Adverts showing ‘harmful’ gender stereotypes will be banned from today

17 June 2019, 12:58 | Updated: 17 June 2019, 13:03

The way men and women are portrayed in adverts in the UK is about to change
The way men and women are portrayed in adverts in the UK is about to change. Picture: Getty
Alice Dear

By Alice Dear

The way men and women are portrayed in adverts in the UK is about to change.

Adverts that are deemed ‘harmful’ will be taken off TV in the UK as new rules are added to the ASA’s Advertising Codes.

From today, Monday 17th June 2019, any adverts which show “harmful gender stereotypes” will be banned from airing.

This decision has been made by the Advertising Standards Authority (ASA), who are aware gender stereotyping still occurs on TV today.

The ASA conducted a review where women, men and children revealed how certain adverts depicted them and their sex.

From today, Monday 17th June 2019, any adverts which show “harmful gender stereotypes” will be banned from airing
From today, Monday 17th June 2019, any adverts which show “harmful gender stereotypes” will be banned from airing. Picture: Getty

Included in the review was an advert by Aptamil in 2017.

In the advert, the female babies were shown growing to become a ballerina, while the male baby an engineer.

"This [advert] opposed beliefs amongst parents who thought that children could aspire to any career regardless of gender”, the review said.

It also read: “Whilst most participants did not feel that this type of stereotyping was offensive or harmful, they did feel that there was a missed opportunity to show greater diversity of gender roles and aspirations."
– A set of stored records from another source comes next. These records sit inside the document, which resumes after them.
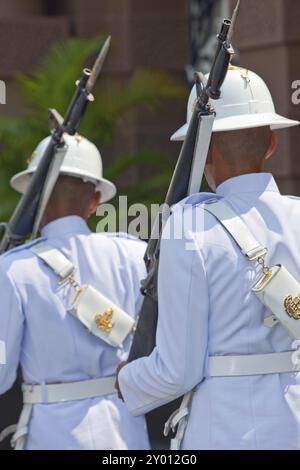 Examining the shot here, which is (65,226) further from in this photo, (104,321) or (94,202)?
(104,321)

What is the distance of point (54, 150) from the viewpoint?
5559mm

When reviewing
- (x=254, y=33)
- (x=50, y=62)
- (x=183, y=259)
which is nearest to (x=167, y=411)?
(x=254, y=33)

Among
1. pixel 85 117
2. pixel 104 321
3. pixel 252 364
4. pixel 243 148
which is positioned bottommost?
pixel 85 117

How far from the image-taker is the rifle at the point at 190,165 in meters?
4.14

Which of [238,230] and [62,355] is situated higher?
[238,230]

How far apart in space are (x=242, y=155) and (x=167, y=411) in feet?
16.3

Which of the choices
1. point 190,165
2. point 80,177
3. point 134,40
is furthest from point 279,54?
point 190,165

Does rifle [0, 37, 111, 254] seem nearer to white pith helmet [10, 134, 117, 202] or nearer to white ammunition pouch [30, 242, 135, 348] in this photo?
white pith helmet [10, 134, 117, 202]

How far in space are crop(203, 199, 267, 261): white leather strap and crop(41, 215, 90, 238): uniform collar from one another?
1504 mm

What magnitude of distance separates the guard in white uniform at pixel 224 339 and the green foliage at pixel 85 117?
287 inches

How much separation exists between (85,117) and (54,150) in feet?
19.3

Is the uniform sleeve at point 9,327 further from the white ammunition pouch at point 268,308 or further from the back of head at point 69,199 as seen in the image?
the white ammunition pouch at point 268,308

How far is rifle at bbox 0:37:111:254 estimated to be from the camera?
550cm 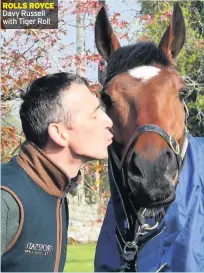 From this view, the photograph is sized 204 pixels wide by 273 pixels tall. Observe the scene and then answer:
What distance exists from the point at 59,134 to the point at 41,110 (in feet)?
0.28

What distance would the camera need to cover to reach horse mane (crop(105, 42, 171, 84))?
274cm

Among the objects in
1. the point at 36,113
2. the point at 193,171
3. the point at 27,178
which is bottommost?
the point at 193,171

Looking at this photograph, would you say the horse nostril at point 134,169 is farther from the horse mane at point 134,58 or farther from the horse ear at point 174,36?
the horse ear at point 174,36

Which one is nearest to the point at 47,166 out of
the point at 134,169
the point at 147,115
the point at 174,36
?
the point at 134,169

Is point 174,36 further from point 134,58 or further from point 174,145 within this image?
point 174,145

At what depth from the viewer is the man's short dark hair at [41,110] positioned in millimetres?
1582

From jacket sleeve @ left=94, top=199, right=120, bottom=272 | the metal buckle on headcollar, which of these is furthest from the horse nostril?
jacket sleeve @ left=94, top=199, right=120, bottom=272

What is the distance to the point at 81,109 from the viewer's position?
1.62m

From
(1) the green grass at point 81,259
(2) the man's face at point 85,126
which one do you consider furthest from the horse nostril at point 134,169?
(1) the green grass at point 81,259

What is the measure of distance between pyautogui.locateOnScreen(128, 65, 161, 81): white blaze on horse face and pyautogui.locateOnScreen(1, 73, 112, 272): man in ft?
3.25

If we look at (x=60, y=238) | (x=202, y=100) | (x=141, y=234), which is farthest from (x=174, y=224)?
(x=202, y=100)

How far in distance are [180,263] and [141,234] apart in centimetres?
21

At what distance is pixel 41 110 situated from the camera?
1.58m

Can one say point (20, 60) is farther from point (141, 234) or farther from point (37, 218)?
point (37, 218) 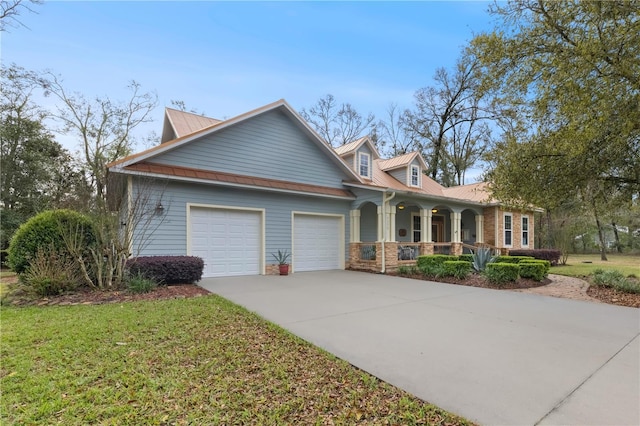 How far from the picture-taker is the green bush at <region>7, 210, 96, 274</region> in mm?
7711

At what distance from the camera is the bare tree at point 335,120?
90.8 feet

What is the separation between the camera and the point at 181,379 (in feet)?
10.6

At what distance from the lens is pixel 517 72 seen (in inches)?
304

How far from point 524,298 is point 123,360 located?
8.29 meters

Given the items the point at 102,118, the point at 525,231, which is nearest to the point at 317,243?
the point at 525,231

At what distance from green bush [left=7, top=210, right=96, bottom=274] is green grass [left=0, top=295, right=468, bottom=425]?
3.24 metres

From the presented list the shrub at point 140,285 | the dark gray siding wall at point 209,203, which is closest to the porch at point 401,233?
the dark gray siding wall at point 209,203

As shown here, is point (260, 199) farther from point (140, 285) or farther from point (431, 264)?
point (431, 264)

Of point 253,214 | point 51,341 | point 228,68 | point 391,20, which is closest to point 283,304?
point 51,341

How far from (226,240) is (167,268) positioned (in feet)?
8.50

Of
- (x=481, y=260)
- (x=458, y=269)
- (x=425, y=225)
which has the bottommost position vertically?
(x=458, y=269)

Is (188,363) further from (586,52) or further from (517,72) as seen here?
(517,72)

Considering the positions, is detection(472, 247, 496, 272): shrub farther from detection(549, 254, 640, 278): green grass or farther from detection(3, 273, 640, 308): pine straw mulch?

This decision has been made by the Advertising Standards Authority (ASA), who are aware gender stereotyping still occurs on TV today
This decision has been made by the Advertising Standards Authority (ASA), who are aware gender stereotyping still occurs on TV today. Picture: Getty

These types of gender stereotyping adverts “restrict the choices, aspirations and opportunities of children, young people and adults and these stereotypes can be reinforced by some advertising, which plays a part in unequal gender outcomes”, the ASA believe.

Guy Parker, the ASA chief executive told the BBC: "Our evidence shows how harmful gender stereotypes in ads can contribute to inequality in society, with costs for all of us.

“Put simply, we found that some portrayals in ads can, over time, play a part in limiting people's potential."